> **Prompt**
What should be copied is the stretch of entries below from the line with "Bộ Cốc Sạc nhanh" up to and including the line with "Apple iPhone 15", exactly and without images.

> **Stored data**
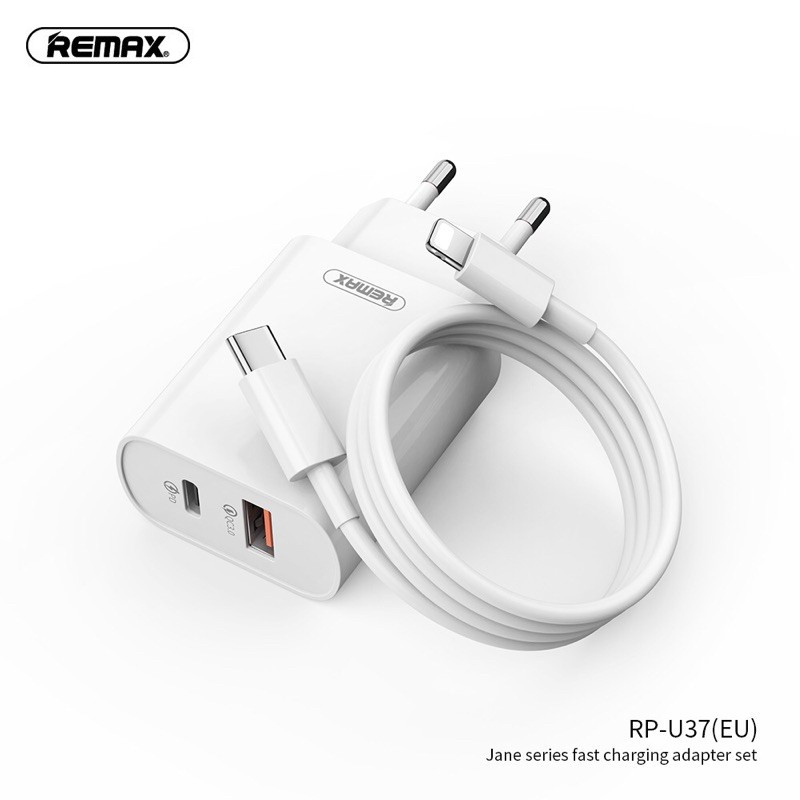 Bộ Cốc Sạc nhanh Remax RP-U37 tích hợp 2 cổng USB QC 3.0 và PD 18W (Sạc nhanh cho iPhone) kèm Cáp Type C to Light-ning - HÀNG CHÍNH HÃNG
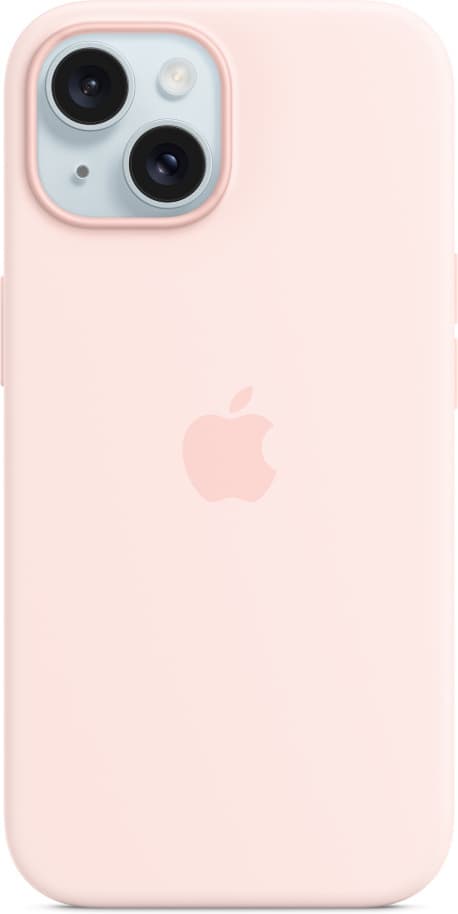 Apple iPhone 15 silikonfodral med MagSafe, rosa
* * *
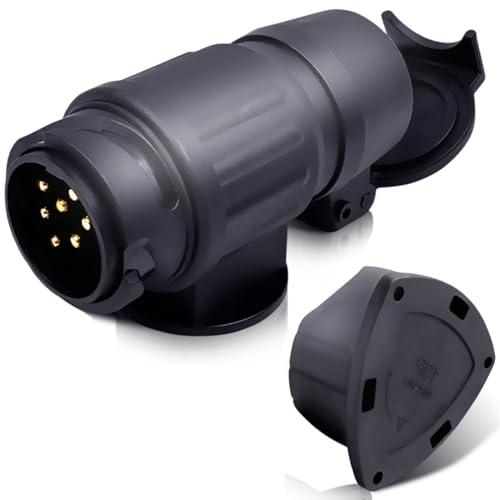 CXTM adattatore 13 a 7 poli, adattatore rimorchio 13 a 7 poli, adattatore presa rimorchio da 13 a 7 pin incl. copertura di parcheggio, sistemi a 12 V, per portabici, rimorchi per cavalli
...
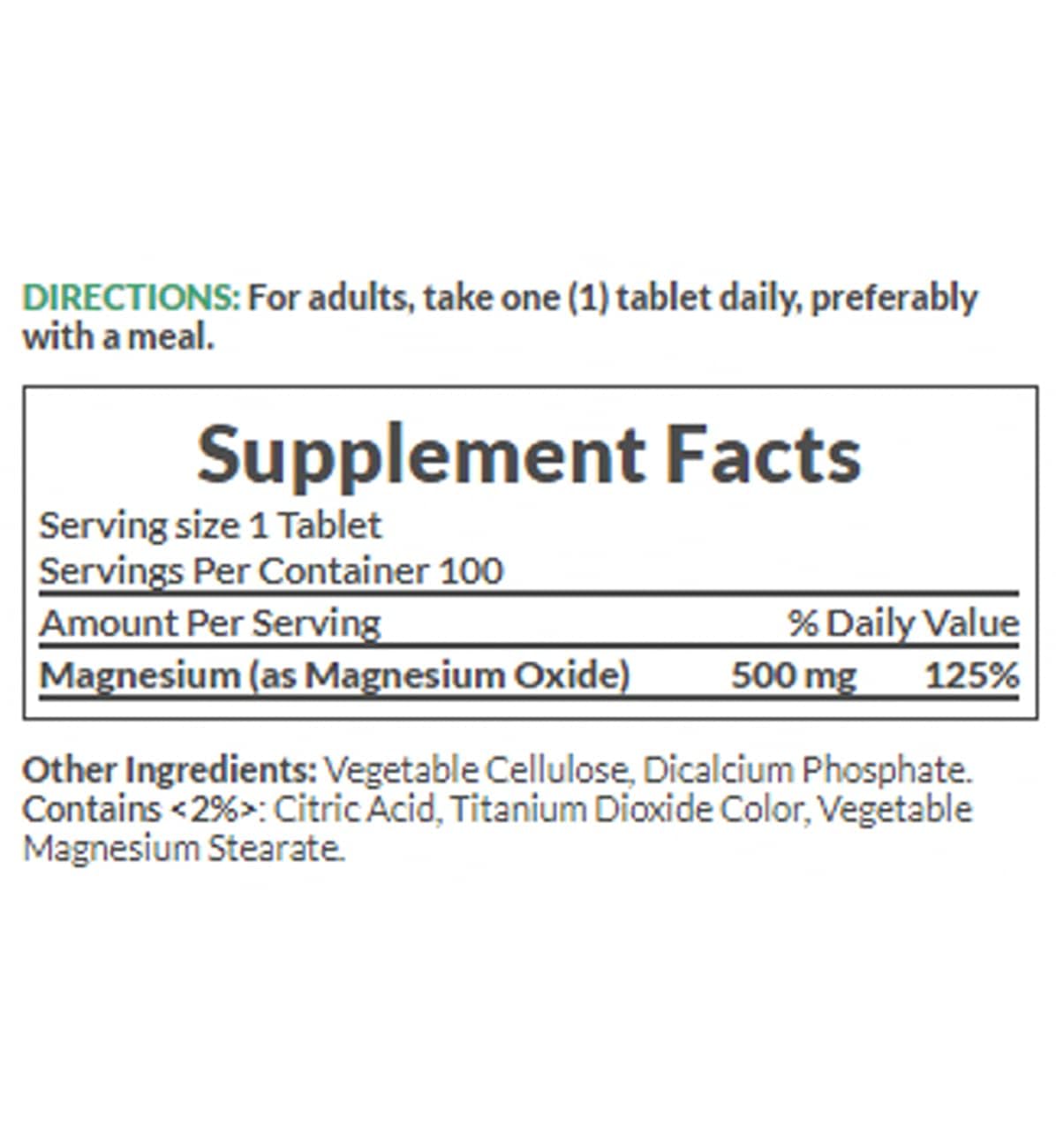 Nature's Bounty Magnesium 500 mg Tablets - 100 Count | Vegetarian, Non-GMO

> **Problem solution**
 Bộ Cốc Sạc nhanh Remax RP-U37 tích hợp 2 cổng USB QC 3.0 và PD 18W (Sạc nhanh cho iPhone) kèm Cáp Type C to Light-ning - HÀNG CHÍNH HÃNG
 Apple iPhone 15 silikonfodral med MagSafe, rosa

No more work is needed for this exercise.